The lead up to the 2019 federal election has been tumultuous to say the least. Amidst the chaos, there have been some big promises - that if they come to fruition could be game changers. Yet for young Australians in particular there are still some issues yet to be addressed that could tip the scales.
New apprenticeships have been offered in their thousands, with the Labor Party committing to 150,000 additional apprentice incentives in areas of skill shortages, while the Coalition offered 80,000 new apprenticeships by 2024.
Labor, if successful in attaining government, has committed to providing the Australian Youth Affairs Coalition (AYAC) with $600,000 worth of annual funding, and an additional $3 million for projects conducted in partnership with youth stakeholders. They have also committed to appointing a Minister for Young Australians.
The Coalition’s 2019 budget included a $94 million scholarship program to encourage students to study in regional Australia, while Labor put forward a $300 million fund to upgrade buildings and equipment in universities across the country.

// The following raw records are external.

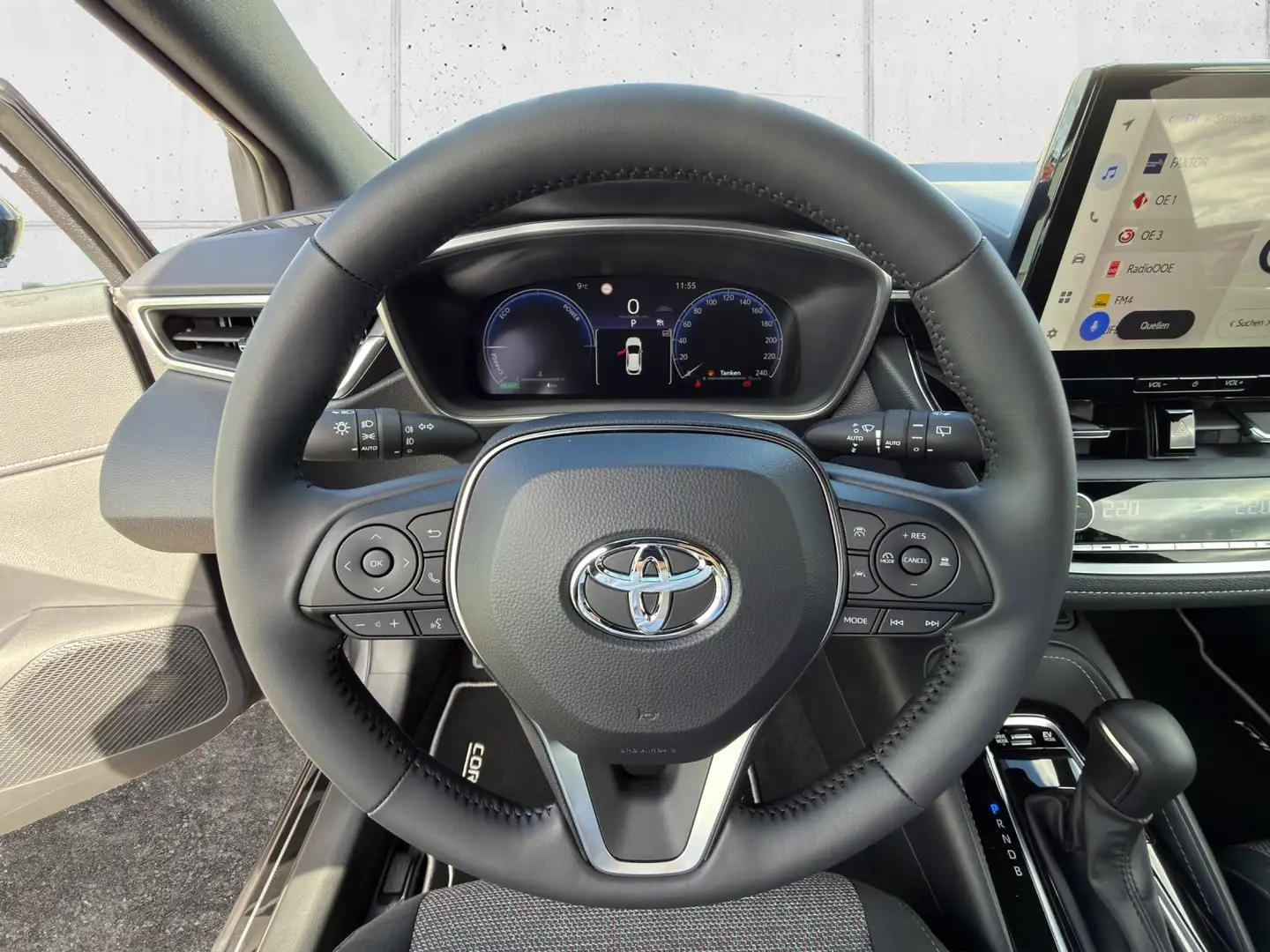 Toyota Corolla HB 1,8 HSD Active-Drive Safety-Paket 5t. Grau - 2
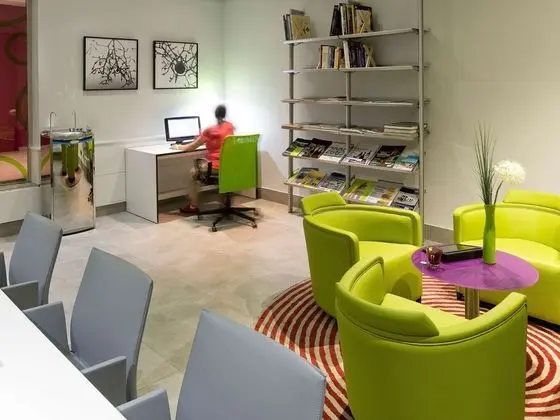 Ibis Styles Madrid Prado - Dış Mekan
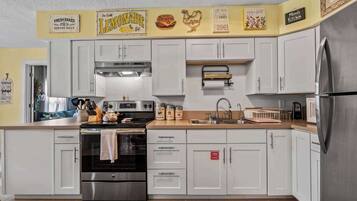 House, Multiple Beds, Kitchen, Garden View | Private kitchen | Coffee/tea maker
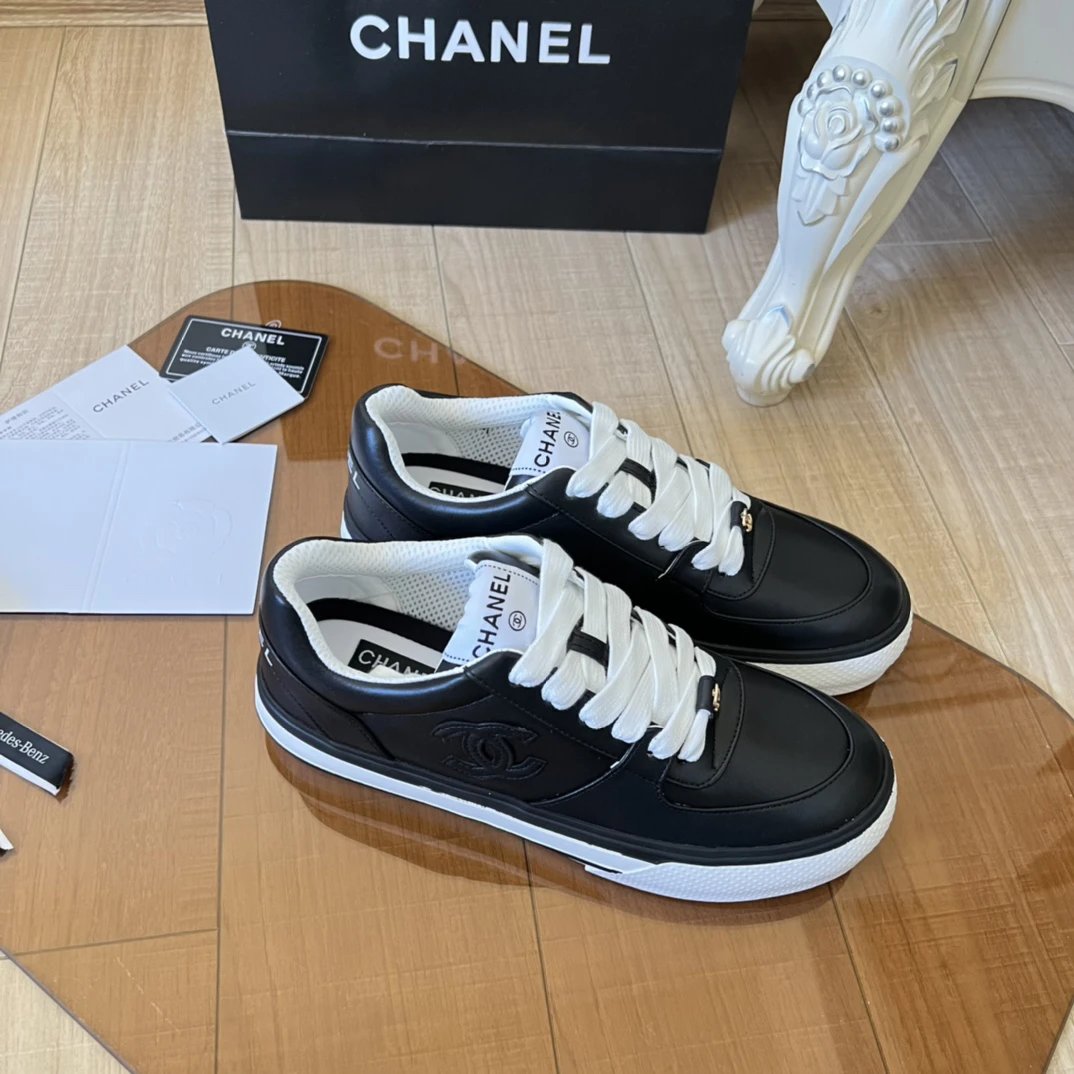 Chanel Low Sneakers Black - Gallery Image 5 - Detailed View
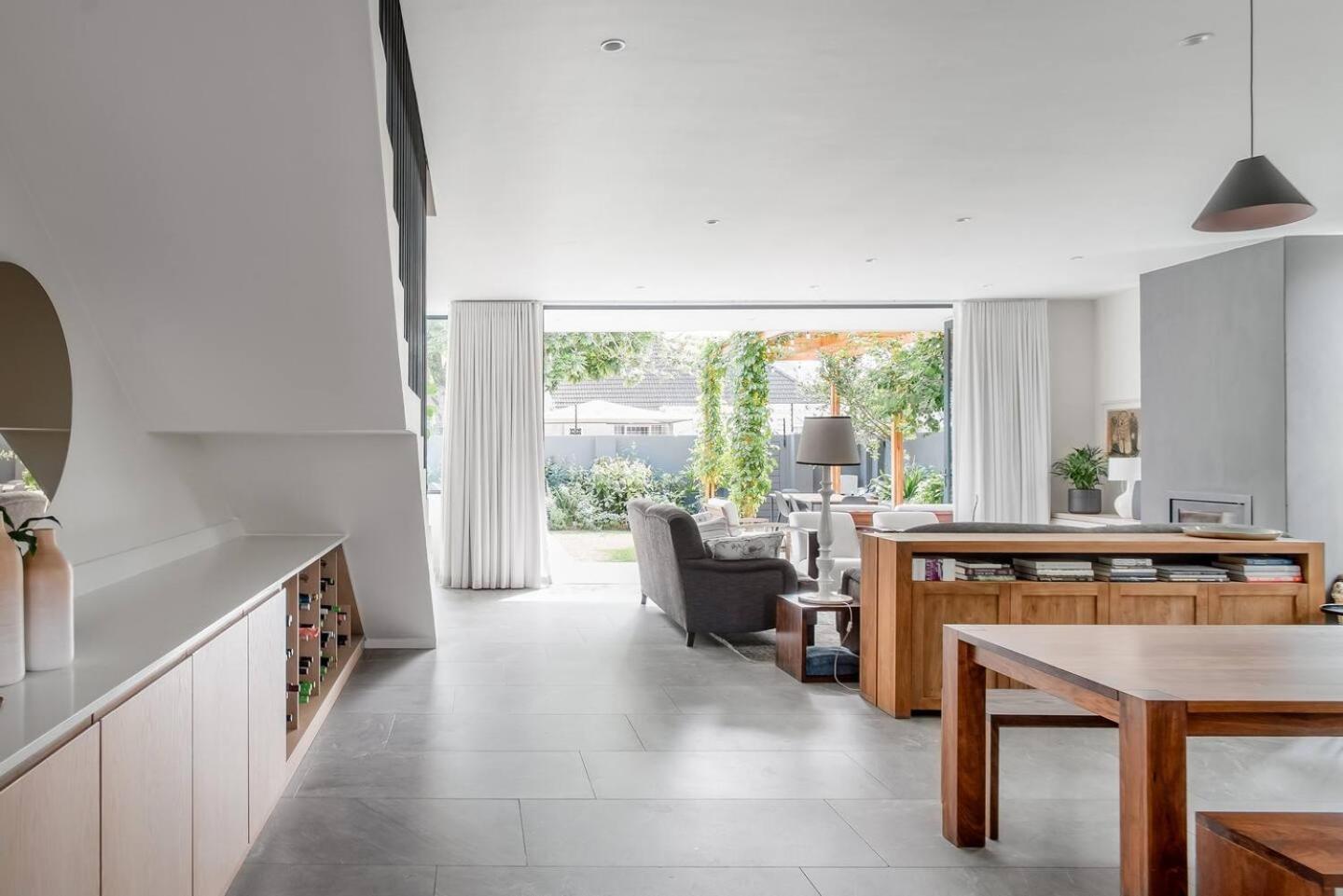 Beginnings - New Townhouse In Welcoming Heart Of Newlands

Commitment to the betterment of young Australians is positive. However, one jarring issue remains negligently unaddressed by major parties. That is, youth underemployment and unemployment.
Earlier this year, analysis by the Foundation for Young Australians (FYA) revealed that Governments across Australia are investing $91 billion annually in education and training, yet almost 1 in 3 young Australians are unemployed or underemployed. This high rate of youth unemployment is a lost opportunity for the Australian economy of more than $4.5 billion each year, making it a national issue and potentially an economic crisis that will affect us all.

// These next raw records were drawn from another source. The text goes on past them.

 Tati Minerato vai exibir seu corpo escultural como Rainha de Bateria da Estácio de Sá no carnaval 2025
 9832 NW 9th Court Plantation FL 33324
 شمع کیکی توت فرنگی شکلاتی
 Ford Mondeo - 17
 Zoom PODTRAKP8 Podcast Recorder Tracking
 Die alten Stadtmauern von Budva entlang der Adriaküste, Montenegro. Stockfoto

WIth our politicians recently calling young voters a ‘big problem’, and suggesting that first time voters “have probably never known how good they’ve got it”. Research highlights that in fact this generation is the first to be worse off than their parents or even their grandparents. Pitting young against old provides little opportunity for lasting, collaborative solutions that our country desperately needs. It also ignores that young Australians want to contribute to as well as benefit from our economy.

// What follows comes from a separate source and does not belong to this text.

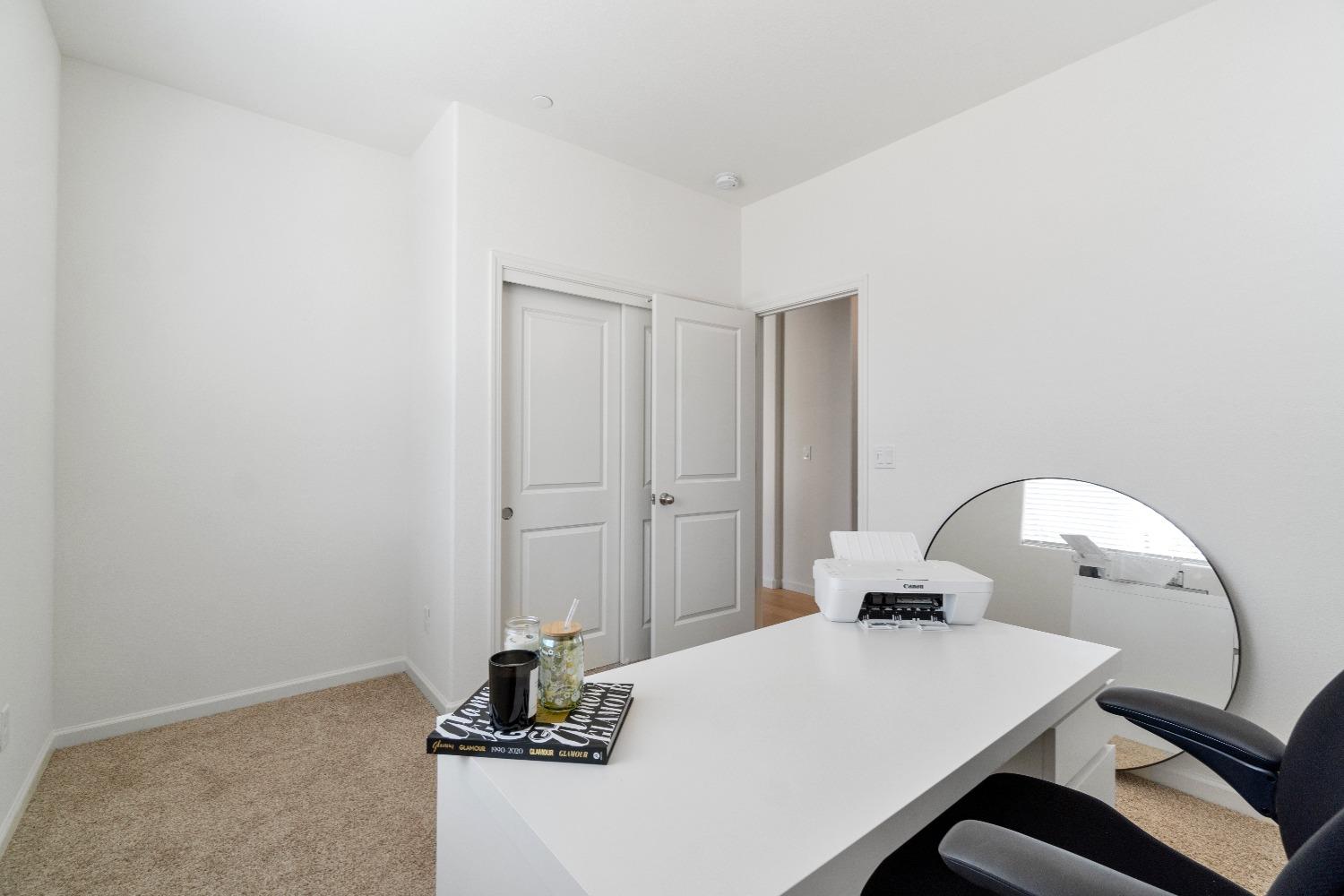 1241 Peters Road Madera, CA 93636 - Photo 22 of 37 a view of a workspace room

FYA is committed to a future where Australians work together to innovatively tackle the most pressing social, economic and environmental issues. And our Future Skills Framework 2030 does just that. It outlines how Australian governments can work with young people, industry, educational institutions and leading thinkers across the country to move from talk to action.
With record numbers of young people enrolled to vote in this federal election, their participation will make a difference. How exactly? We’ll have to wait to May 18 to find out.